Despite the deals drop off, there have been bright spots and signs of potential recovery.
Klingsberg, who joined Freshfields in October from Cleary Gottlieb Steen & Hamilton, said he saw a promising shift in the second half of April. Clients started calling about strategic ideas ranging from selling divisions, buying divisions of other companies, or buying companies outright.
“Now we’re in a situation where some of those deals are going to be announced in the next month,” he said. Klingsberg anticipates more deals will be announced in July across the market generally, though it won’t be on pace with last year.
“It’s surprisingly been robust for a number of pockets within our global platform,” said Luke Bergstrom, global vice chair of Latham & Watkins’ M&A practice.
Latham’s M&A team has been busy, despite a 34% drop in global private equity activity, thanks to its industry focus primarily in technology and life sciences, he said.

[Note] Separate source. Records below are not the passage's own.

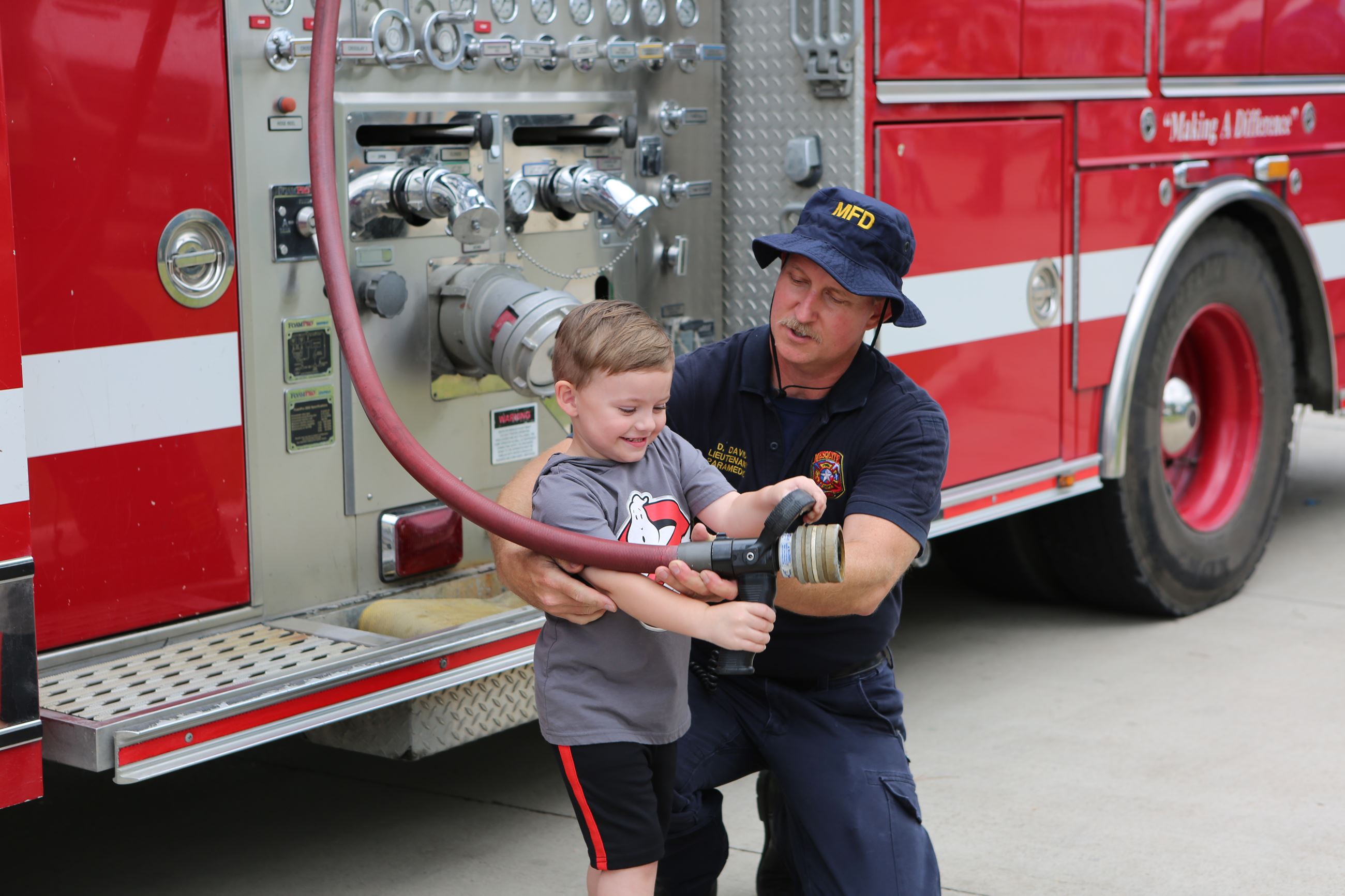 Touch a Firetruck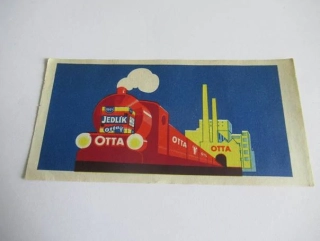 Otta - Jedlík - Otta mydlí, Otta mastí v celé vlasti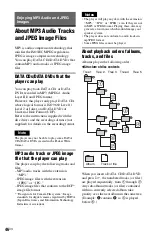 Preview for 46 page of Sony 3-283-149-22(2) Operating Instructions Manual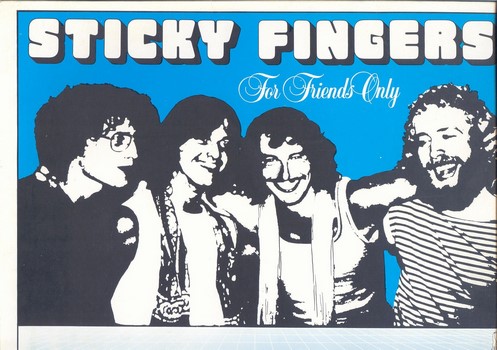 Sticky Fingers LP For Friends Only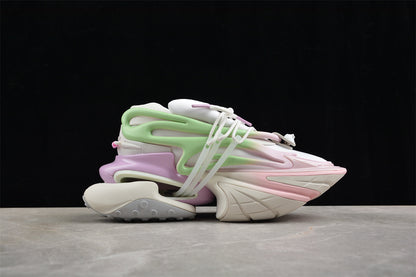 Balmain Unicorn Light Pink Jade Trainers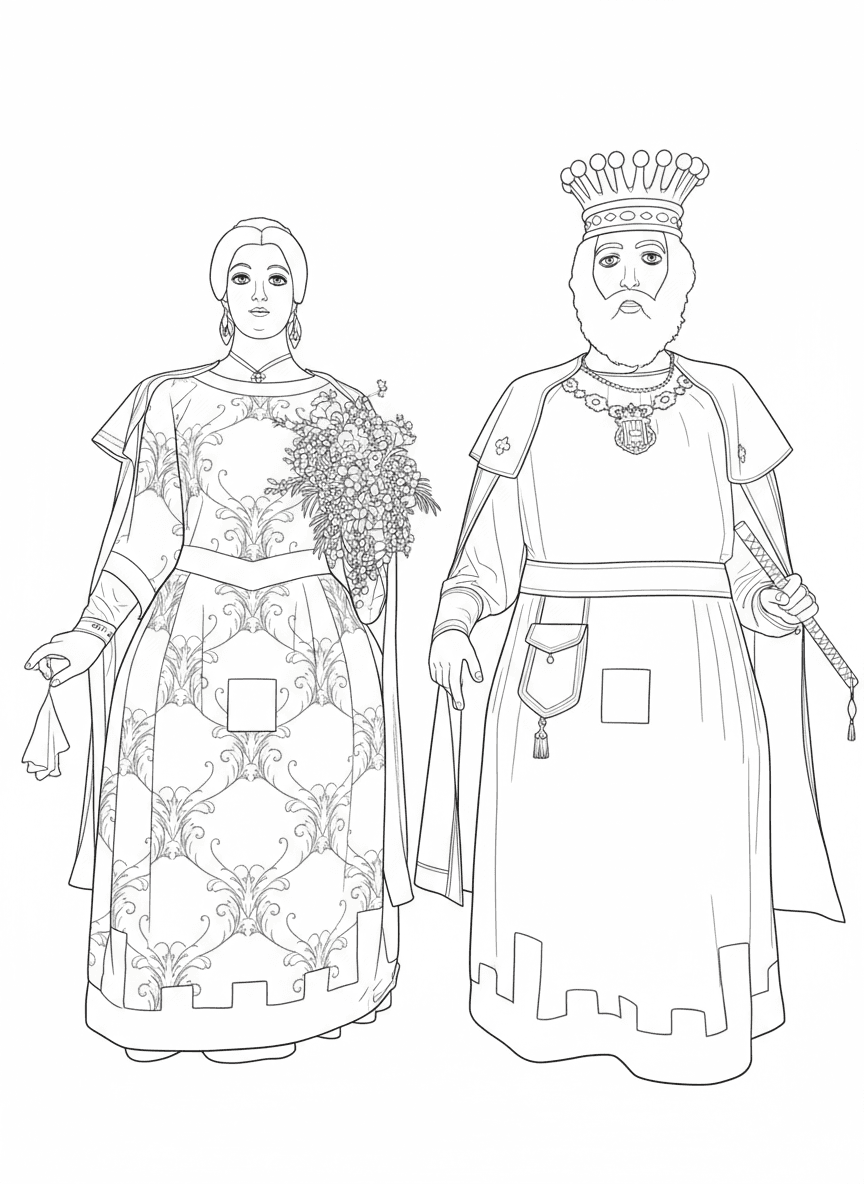 Gegants de Montblanc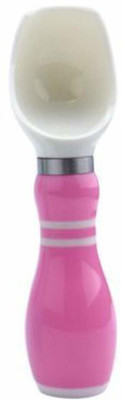 olwick 1 PCS Ice Cream Scoops,No-Thaw Hard Ice Cream Scoop - Dishwasher Safe - Ergonomic Non-Slip Plastic Grip, Durable and Safe Ice Cream Spade.(Pink) Kitchen Scoop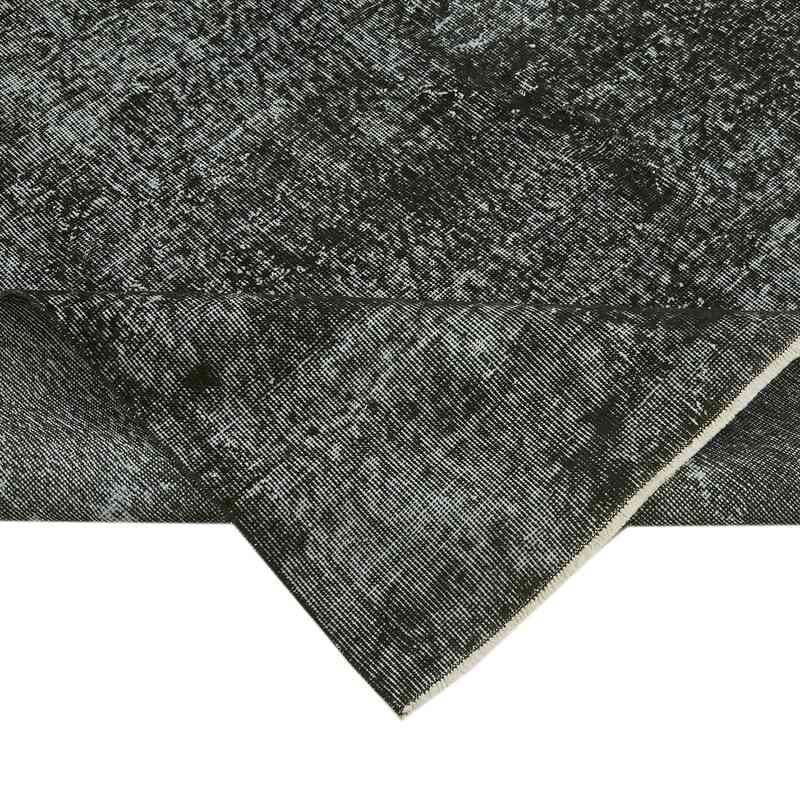 Siyah Boyalı El Dokuma Anadolu Halısı - 210 cm x 310 cm - K0059397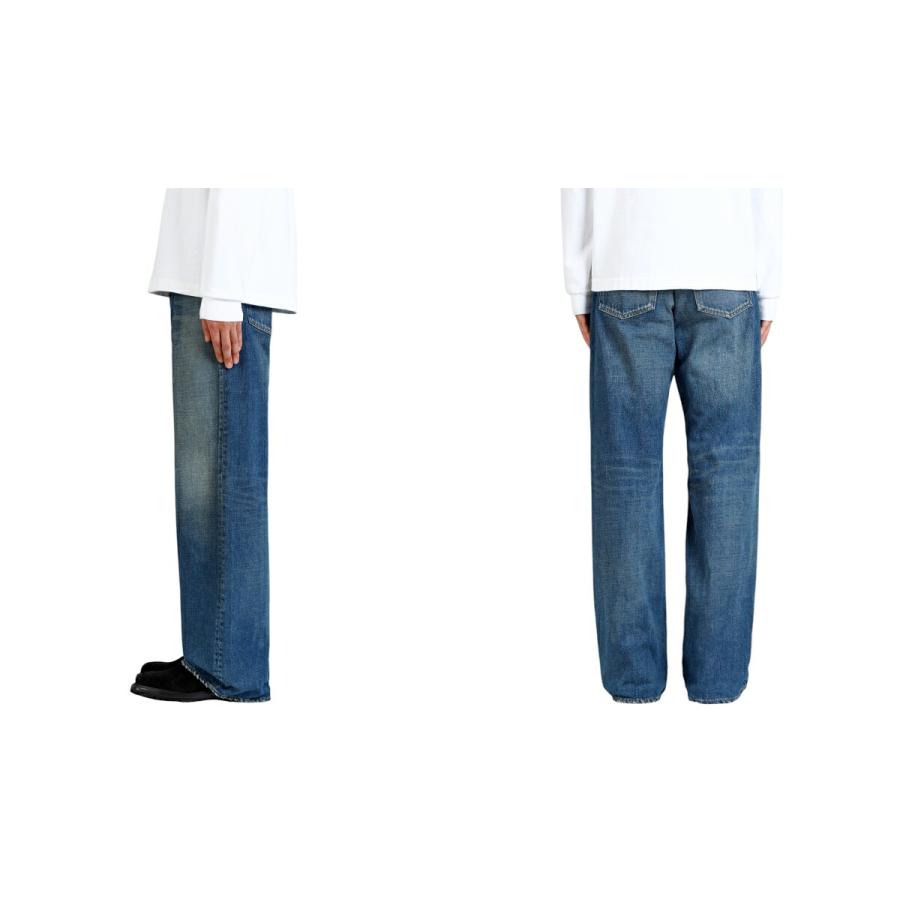 MINEDENIM（マインデニム） ： W.Straight 5pocket USD ： FPK106UD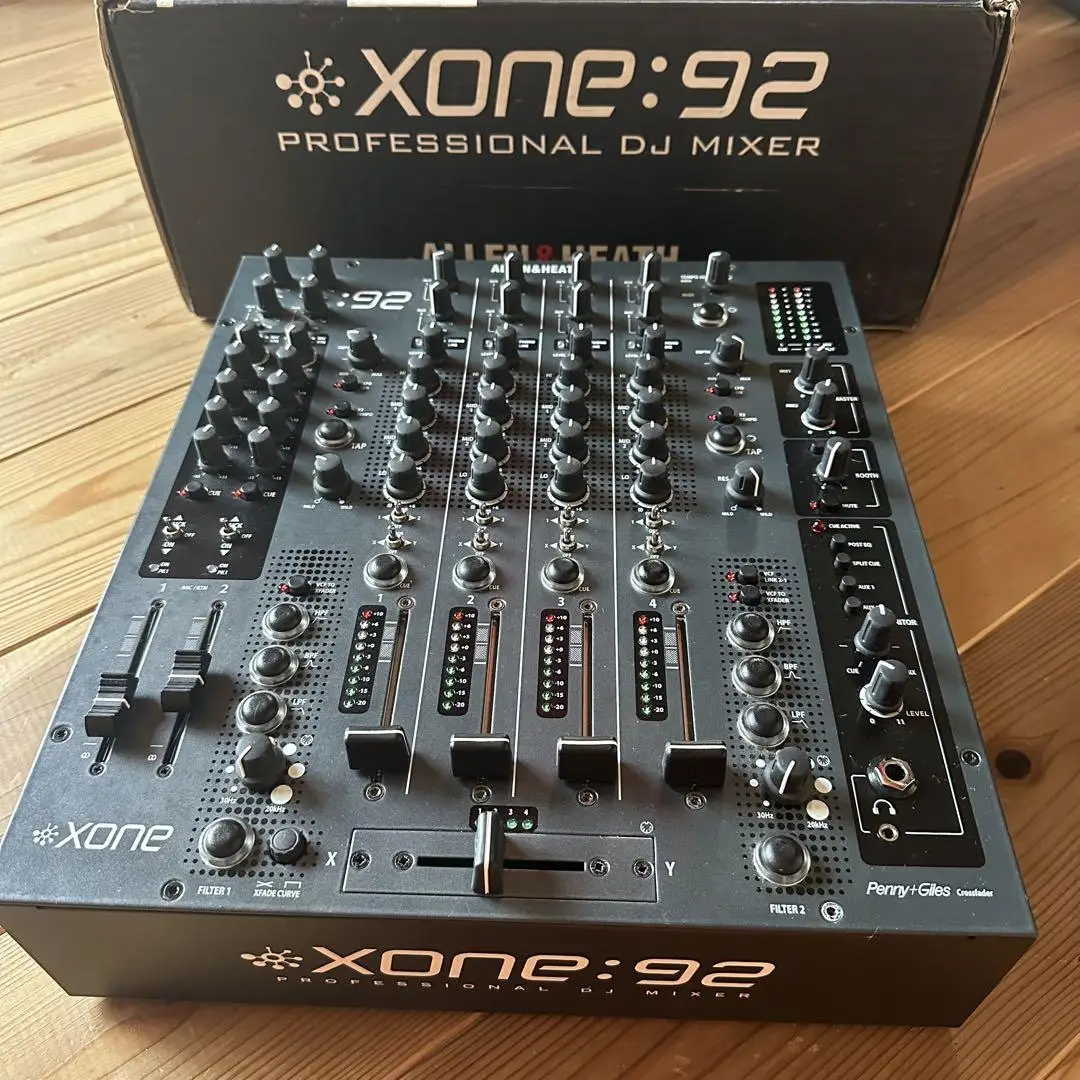 100% SUMMER DISCOUNT SALES ON Allen & Heath Xone:92 Analogue DJ Mixer with 4 band EQ and Multi-mode Filters
100% SUMMER DISCOUNT SALES ON Allen & Heath Xone:92 Analogue DJ Mixer with 4 band EQ and Multi-mode Filters
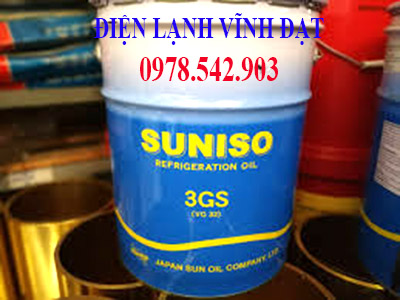 Nhớt lạnh suniso tại TPHCM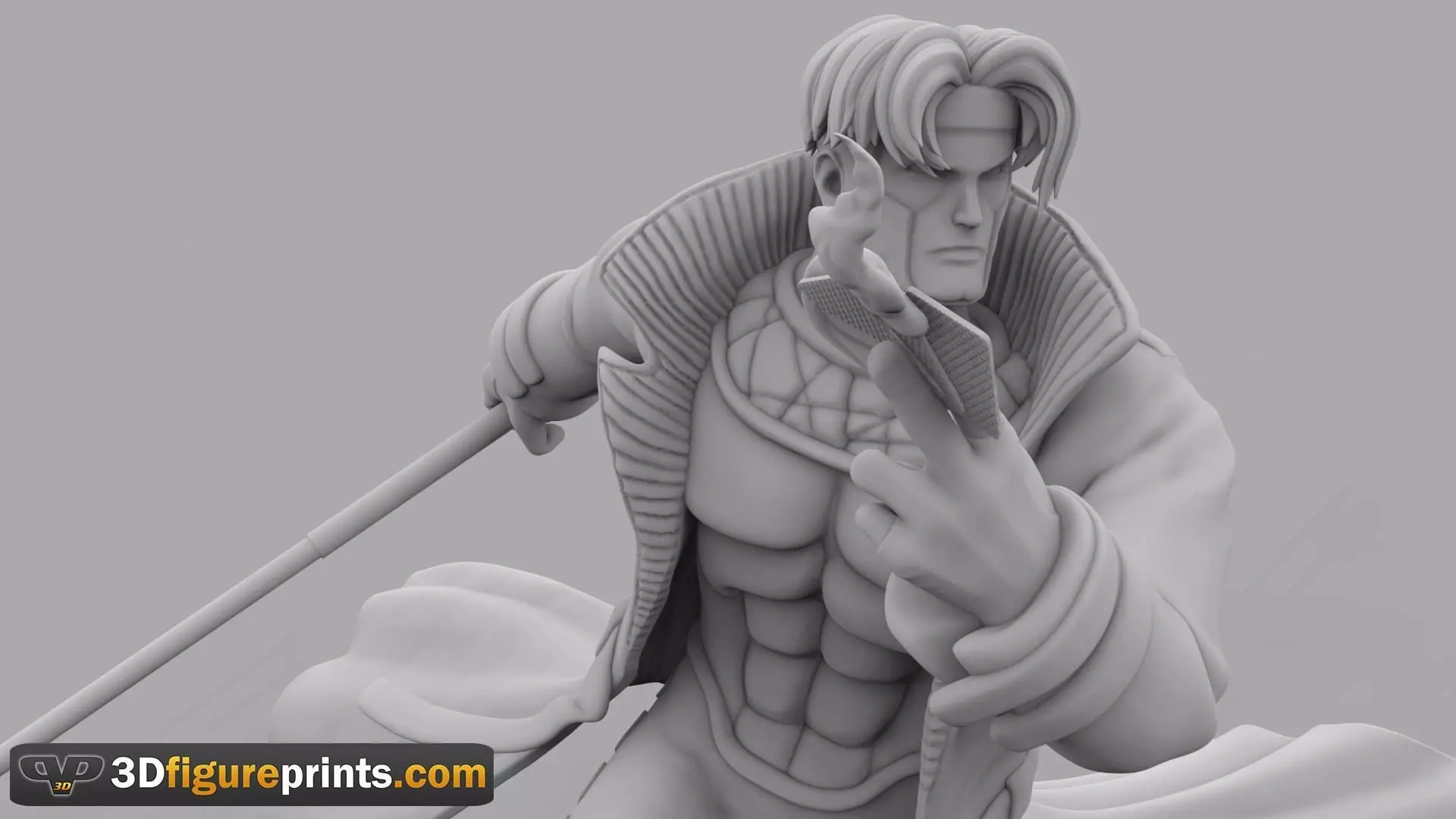 Ace High Gambit Fan Art model 3D print model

Megadeals, the transactions typically defined as those in excess of $10 billion, dominated the first half of 2019. They were less frequent in the first half of this year, said Bergstrom, “but our platform is designed and structured so we operate across a larger section of the value chain generally and so we’ve continued to see a substantial amount of activity in tech and life sciences.”
Eye on Tech
The technology sector—though down by nearly 39% year over year, it still accounted for $111.9 billion of M&A deals in 2020—has been a bright spot.
Klingsberg said he anticipates technology space, along with life sciences and healthcare, will be sectors where M&A confidence rebounds. Recovery in other sectors, like retail and industrials, where things seem overvalued is almost impossible to predict, he said.
Freshfields recently launched an office in Silicon Valley with five lawyers from Davis Polk & Wardwell, Wilson Sonsini Goodrich & Rosati, Sidley Austin and Latham & Watkins. The firm also snagged Willkie Farr & Gallagher business and corporate litigation practice group chair Mary Eaton to run its new securities practice in New York.
“We are very much going to enter an M&A market of two worlds there’s going to be one world that’s going to keep moving and another world that’s going to be on pause…where there’s very clear winners and others left with a business model that’s frozen in time and that will be reflected in deal activity,” Klingsberg said.
For a sector that craves certainty, the M&A forecast for the rest of 2020 is still largely uncertain.
“With concerns about a second wave, with the energy crisis, social unrest, things are behaving in unpredictable ways, so I think it’s safe to say the third quarter won’t be a great one, but exactly how it will look I don’t know,” Maral Burnett said.